Sağlıkta şiddet konusunda kritik açıklama!
19 Temmuz 2018, Perşembe

Memur-Sen Başkanvekili ve Sağlık-Sen Genel Başkanı Metin Memiş, gündemde olan “yıpranma payı” ve “ sağlık çalışanlarına şiddet” konuları hakkında kritik açıklamalarda bulundu.

Memiş, yıpranma payının bugüne kadar verilmeyiş nedenini bürokrasi olduğunu belirtirken, yeni yönetim sistemi ile sorunun aşıldığını belirtti.

İşte o söyleşi:

*Cumhurbaşkanı Recep Tayyip Erdoğan, 2014 yılında Başbakanlığı döneminde katıldığı Sağlık-Sen buluşmanızda “yıpranma payı” sözü vermişti. Ve nihayet o süreç başladı. Yıpranma payı Torba Yasaya eklendi. Neler söylemek istersiniz?

Yıpranma Payının, Türkiye’nin yeni yönetim sisteminin ilk icraatlarından birisi olmasını sağlık çalışanları adına mutluluk ve umut verici buluyoruz.

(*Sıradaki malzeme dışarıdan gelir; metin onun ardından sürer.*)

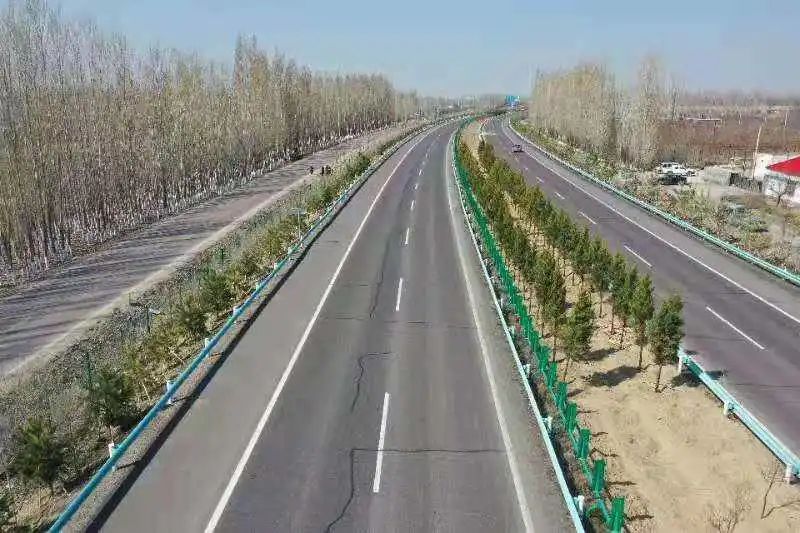 4月26日,在清伊高速伊宁市英也尔镇片区劳动现场,彩旗飘扬,车辆穿梭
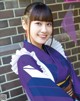 A woman in a purple and white kimono posing for a picture.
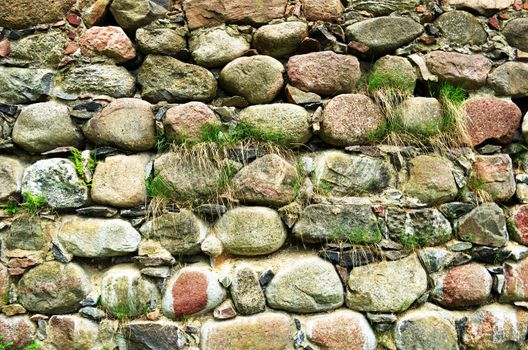 Backdrop of retro castle stone wall and grass grow.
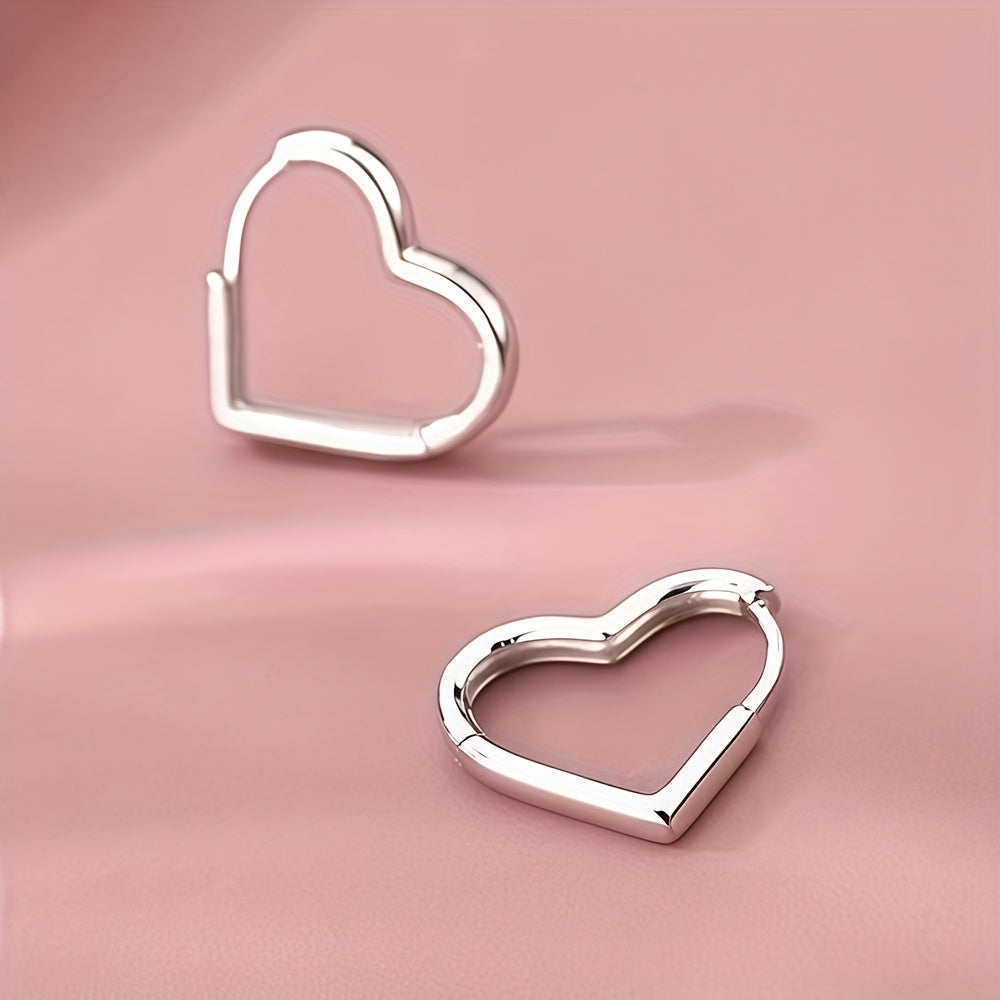 Heart-shaped earrings in stainless steel with gold finish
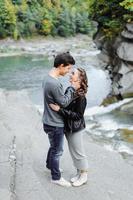 incredibly beautiful and lovely couple on the background of a mountain river photo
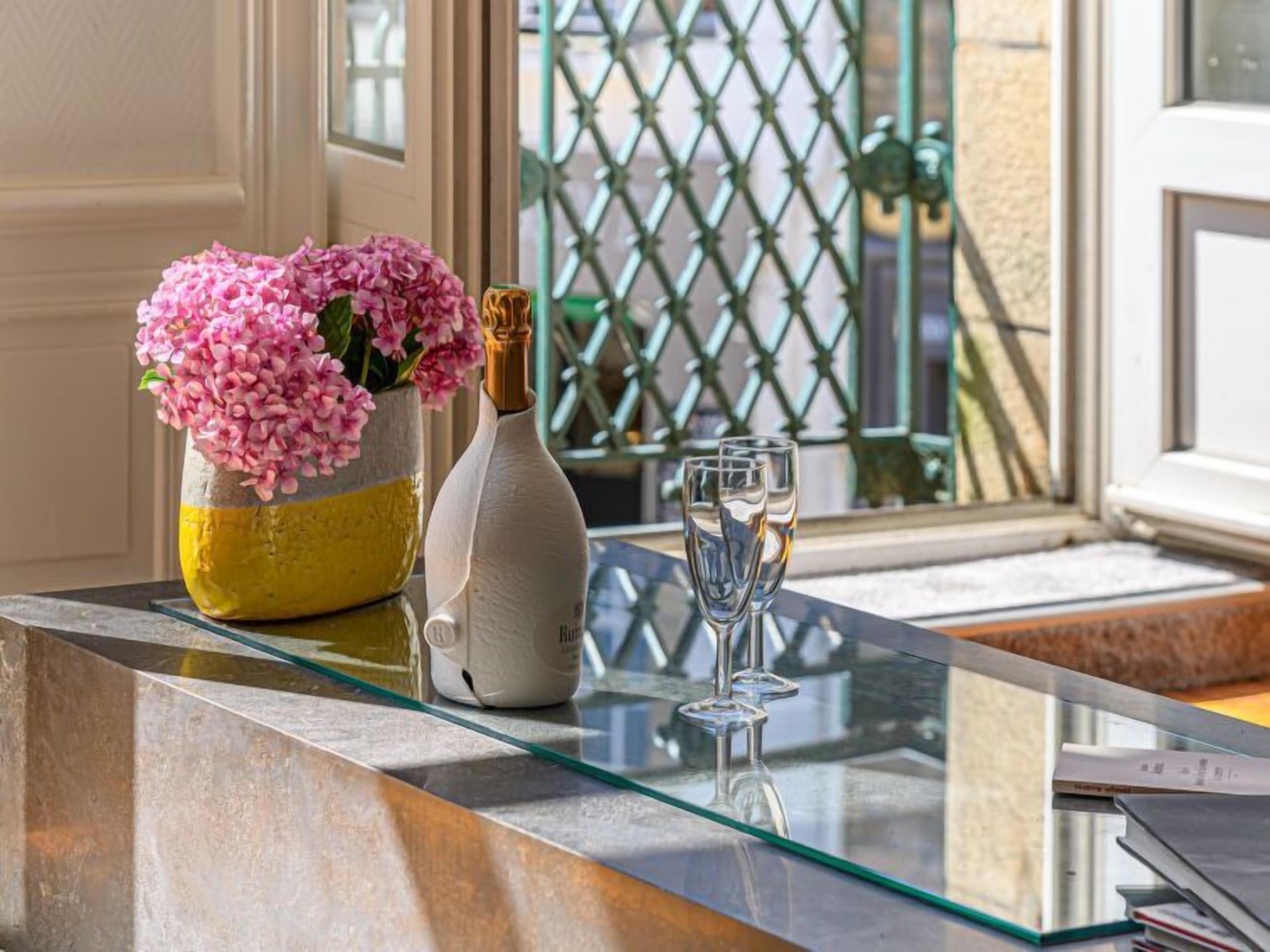 A glass-topped table with a vase of pink flowers, a bottle, and two glasses.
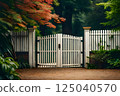 Elegant White Wooden Gate Amidst Lush Greenery and Autumn Foliage 125040570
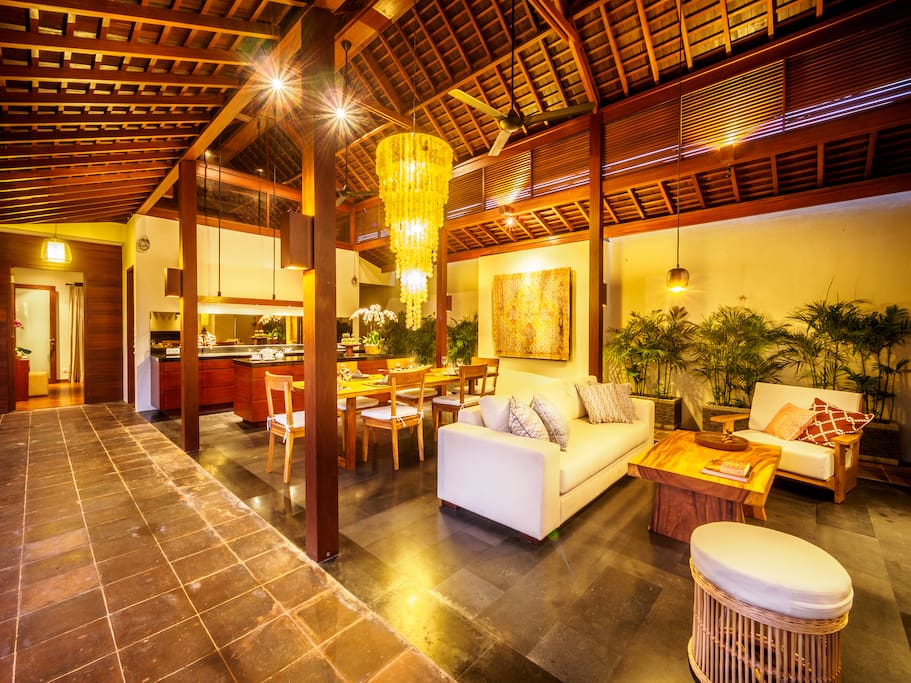 Cozy open living and dining room with expose wooden roof completed with kitchen
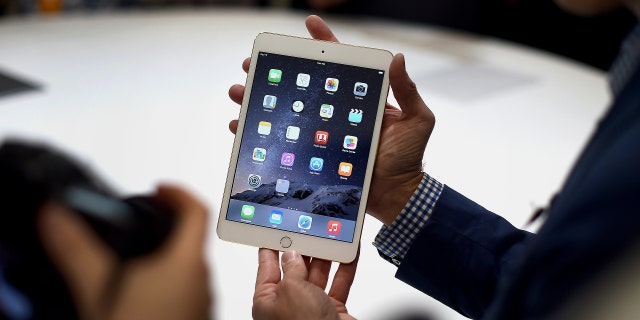 Seorang anggota media memajang iPad Mini 3 Apple Inc. untuk difoto setelah pengumuman produk di Cupertino, California, AS, Kamis, 16 Oktober 2014.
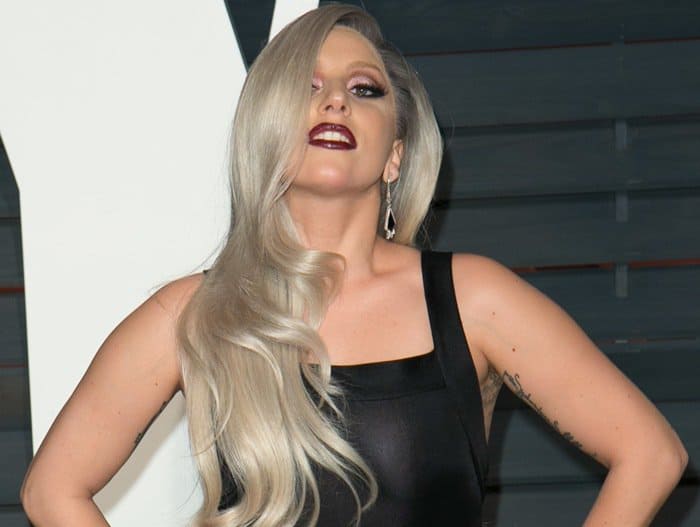 Lady Gaga strikes a pose in a daring sheer Azzedine Alaïa dress at the 2015 Vanity Fair Oscar Party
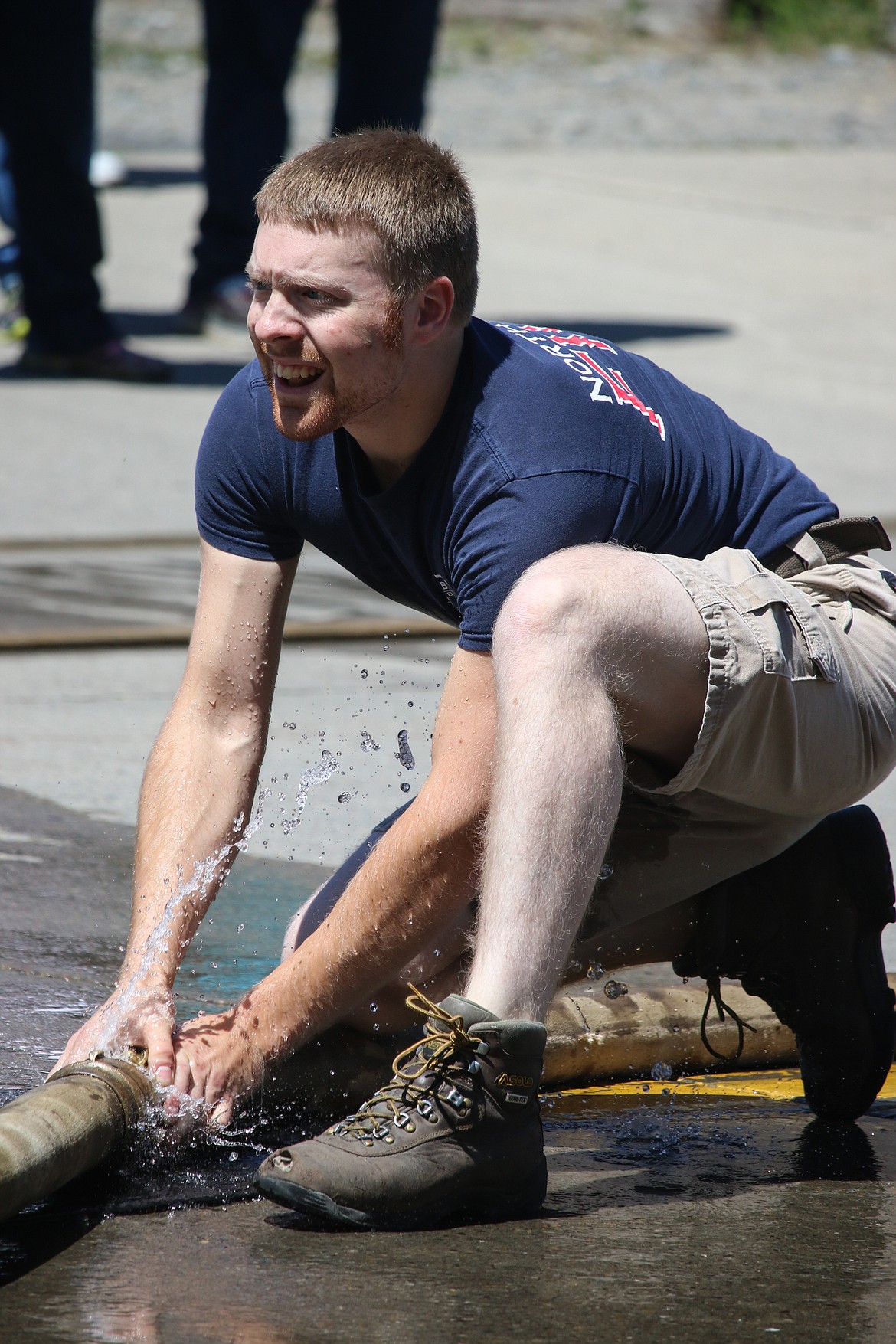 Photo by MANDI BATEMAN
North Bench firefighter Granit Allinger during the hose competition.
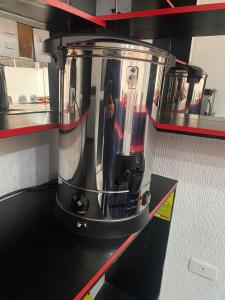 a blender sitting on top of a kitchen counter at Hotel Orozco in Antofagasta +16 photos
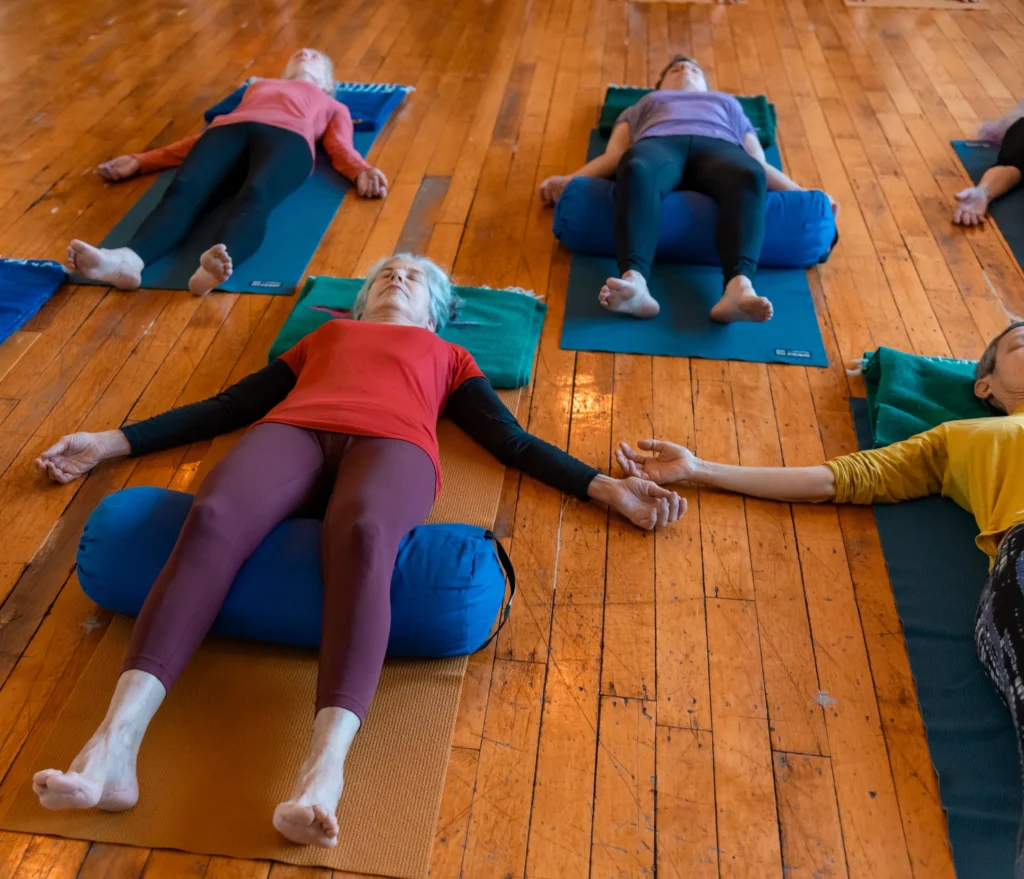 Students resting in supported Savasana on mats and bolsters in the yoga studio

Sayın Cumhurbaşkanımızın 4 yıl önce verdiği söze rağmen, ne yazıkki, eski Türkiye’nin bürokratik alışkanlıklarını aşabilmemiz mümkün olmadı. 

Ancak yıpranma payı konusunu, sürekli olarak gündemde tuttuk. Sağlık mesleğinin ağır koşulları nedeniyle sağlık çalışanlarının son derece haklı bir talebiydi. Düzenlemenin torba yasa içinde yer almasından dolayı mutluyuz.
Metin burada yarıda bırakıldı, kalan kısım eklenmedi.